▸ **ABOUT THIS TASK**
Please reproduce the entries below exactly, omitting any images they contain.
··· RECORDED INFORMATION ···
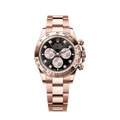 Cosmograph Daytona 40mm, 18k Everose Gold, Ref# 126505-0002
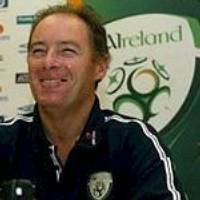Irlandia Pecat Pelatih Brian Kerr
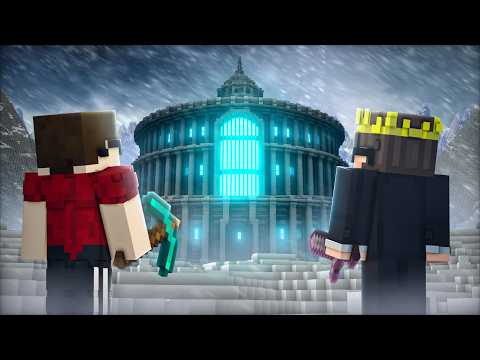 I Built Safest Prison in This Minecraft SMP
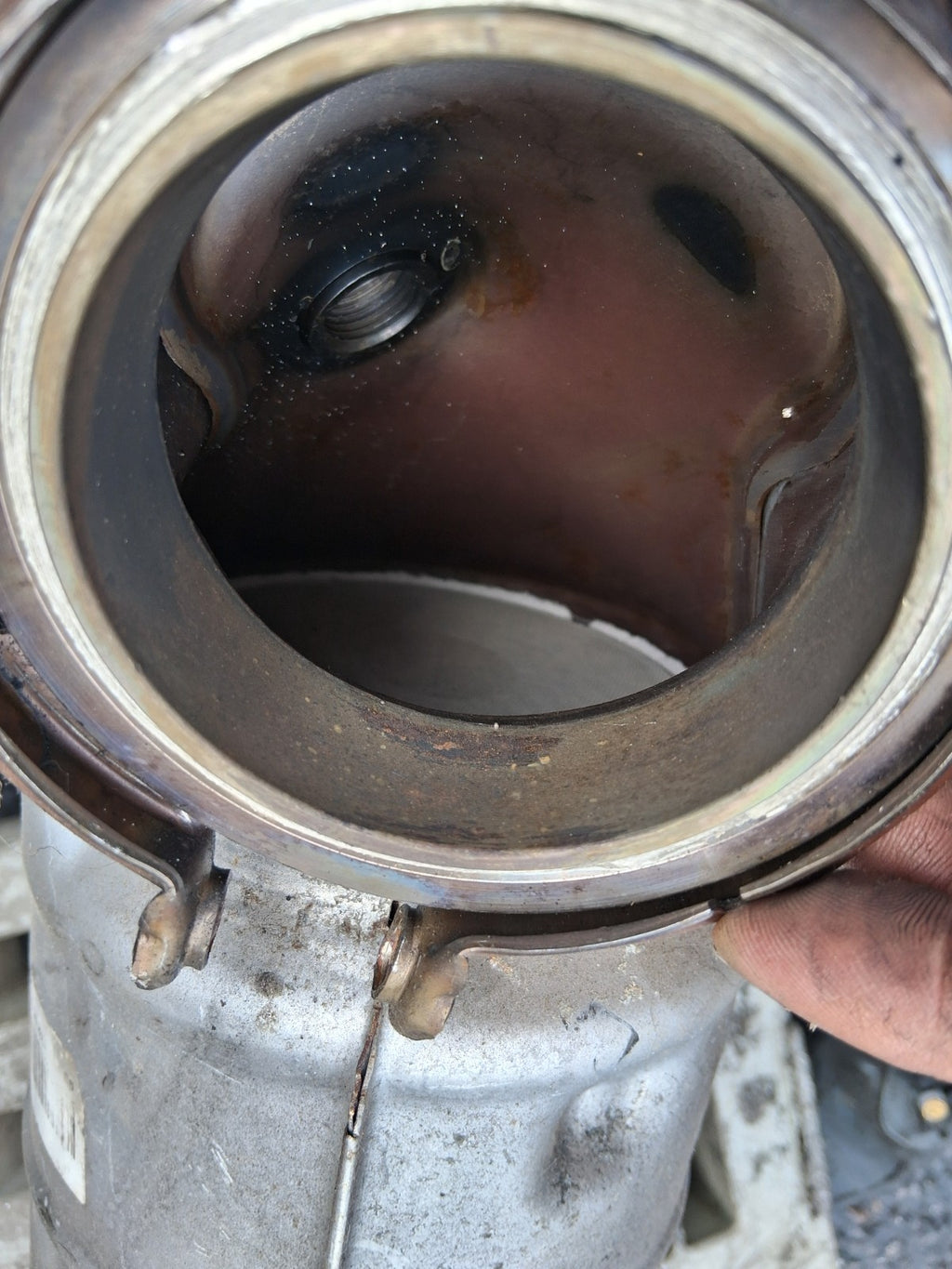 CITROEN C4 MK3 2021 1.2 PETROL CAT CATALYTIC CONVERTER 9839804280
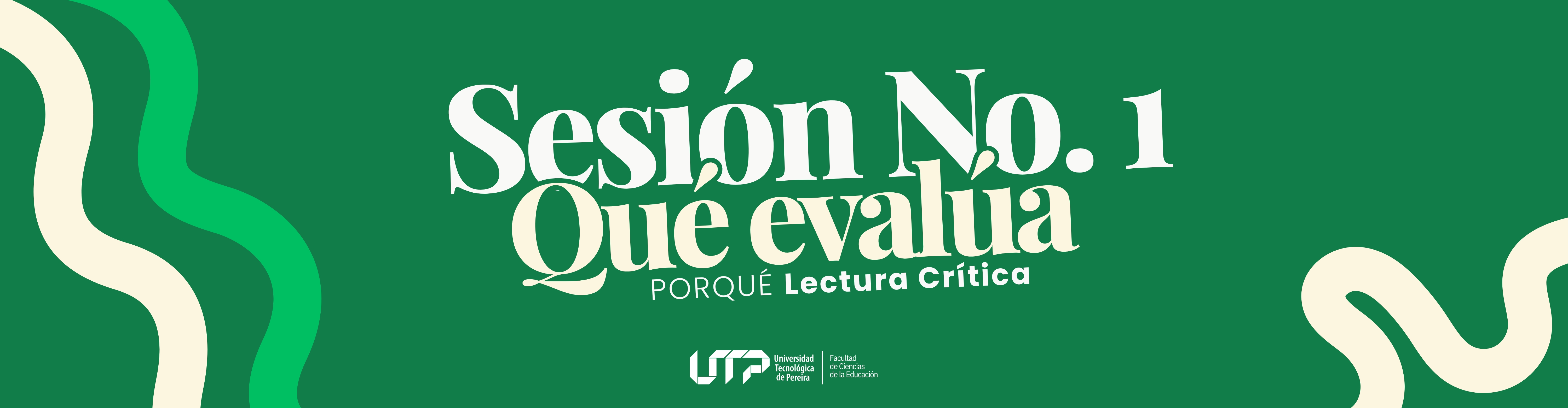 Sesión 1: Por qué lectura crítica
···
▸ **SOLUTION FOR THIS PROBLEM**
 Cosmograph Daytona 40mm, 18k Everose Gold, Ref# 126505-0002
Irlandia Pecat Pelatih Brian Kerr
 I Built Safest Prison in This Minecraft SMP
 CITROEN C4 MK3 2021 1.2 PETROL CAT CATALYTIC CONVERTER 9839804280
 Sesión 1: Por qué lectura crítica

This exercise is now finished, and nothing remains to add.